--- START ---

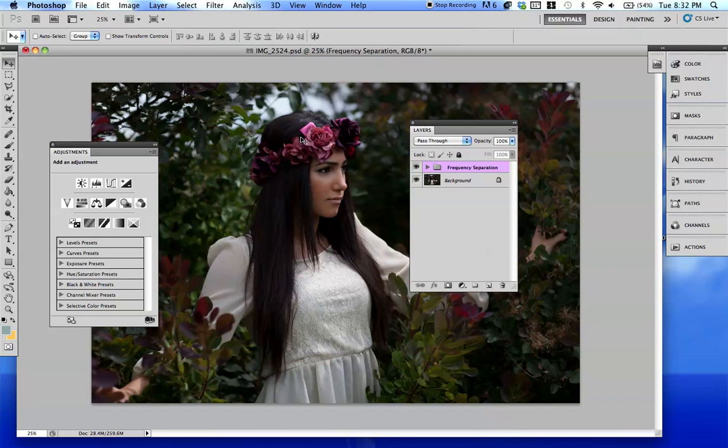Hello everyone, Jessica Kobesi here, and I'm going to be going over curves today and different ways that you can use curves to enhance the color of your pictures.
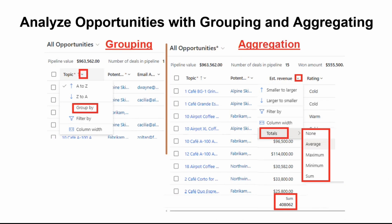One thing to note here is, this feature is not available for all the field types. Like the multi-choice field or multi-selection field — for that, it is not available.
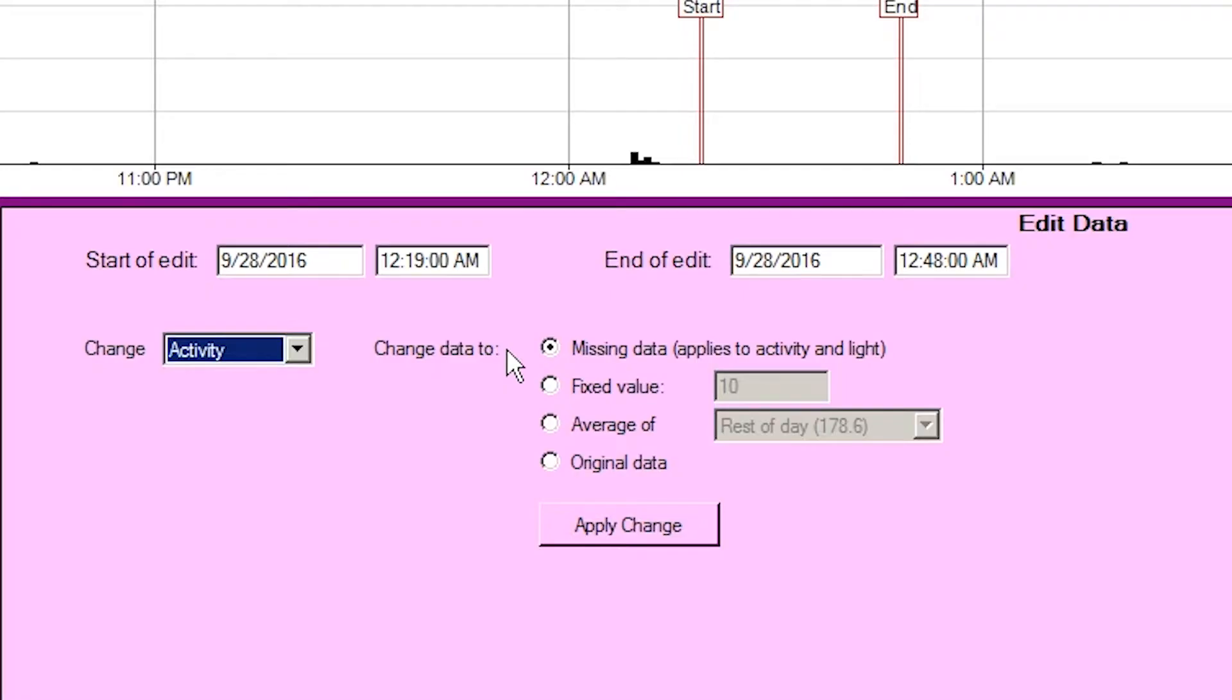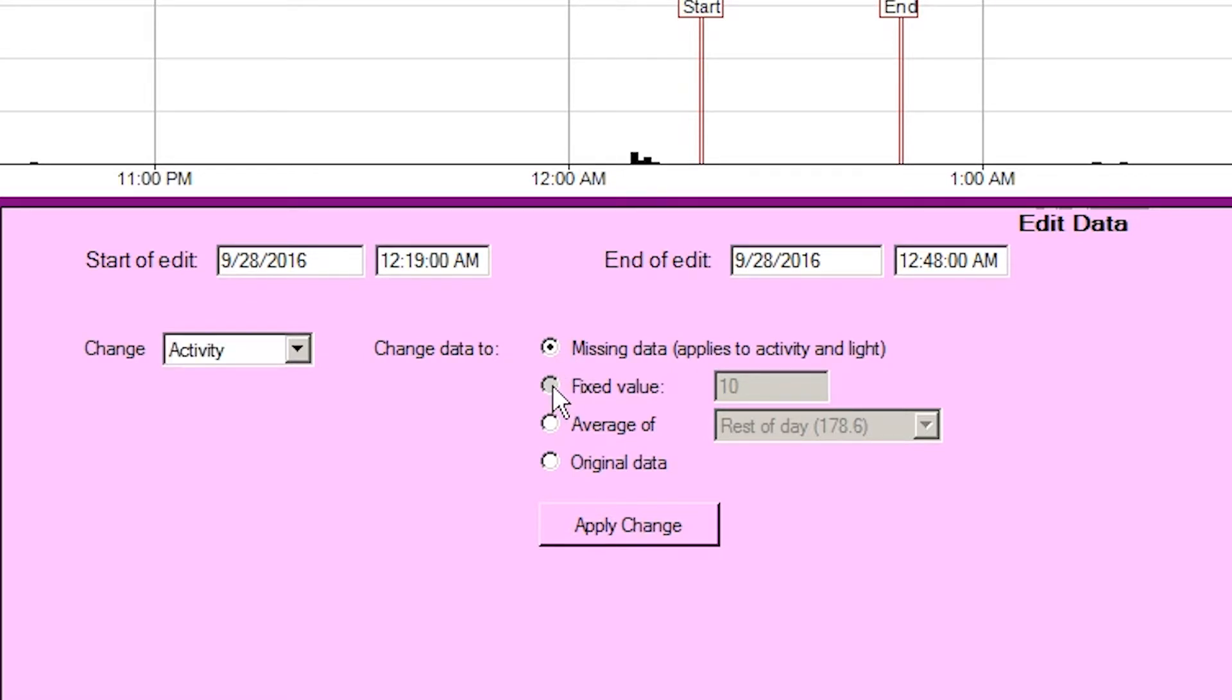The data samples within the selected period can be changed in four different ways. Missing data, this will set the data as missing where the period is shown with a gray background and analysis functions which take an average will ignore the missing samples.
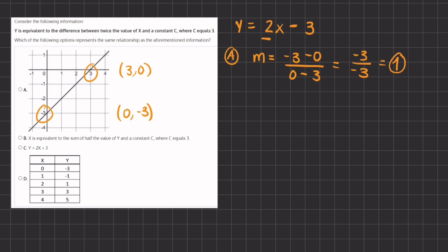Now this slope is different than the slope given in our linear function. Therefore, A does not have the same slope and will be eliminated. Now option B states x is equivalent to the sum of half the value of y and a constant, where the constant equals 3. So if we write this out, we have x equals half the value of y plus 3.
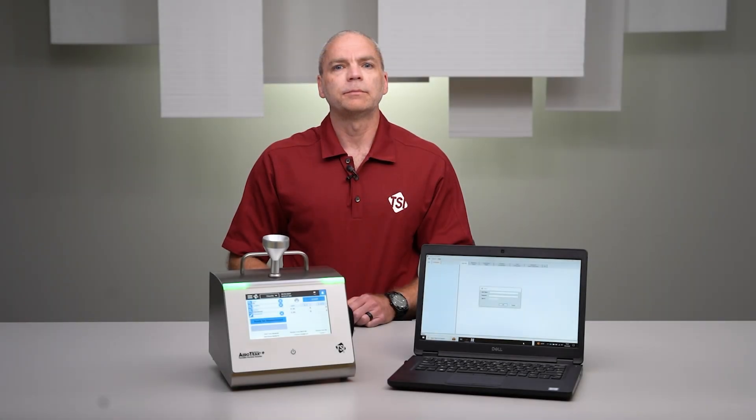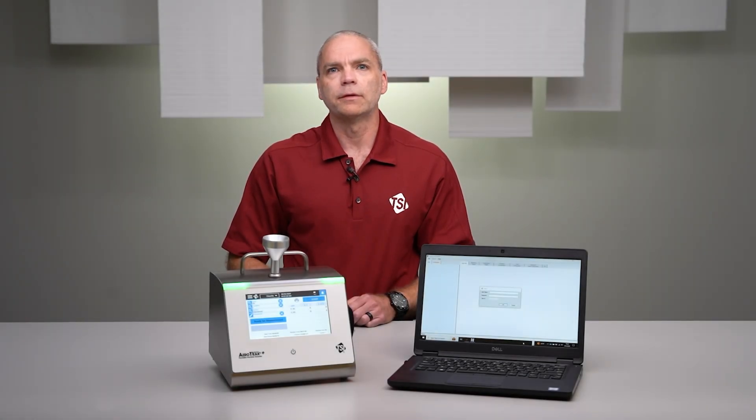Look for additional videos from TSI to learn more about using the Aerotrack Plus with TPLS.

--- END ---

Work to complete »
Quote, please, every line of the material above from its start through the line that has "The data samples", reproducing the words exactly and dropping any images.

Response box »
Hello everyone, Jessica Kobesi here, and I'm going to be going over curves today and different ways that you can use curves to enhance the color of your pictures.
One thing to note here is, this feature is not available for all the field types. Like the multi-choice field or multi-selection field — for that, it is not available.
The data samples within the selected period can be changed in four different ways. Missing data, this will set the data as missing where the period is shown with a gray background and analysis functions which take an average will ignore the missing samples.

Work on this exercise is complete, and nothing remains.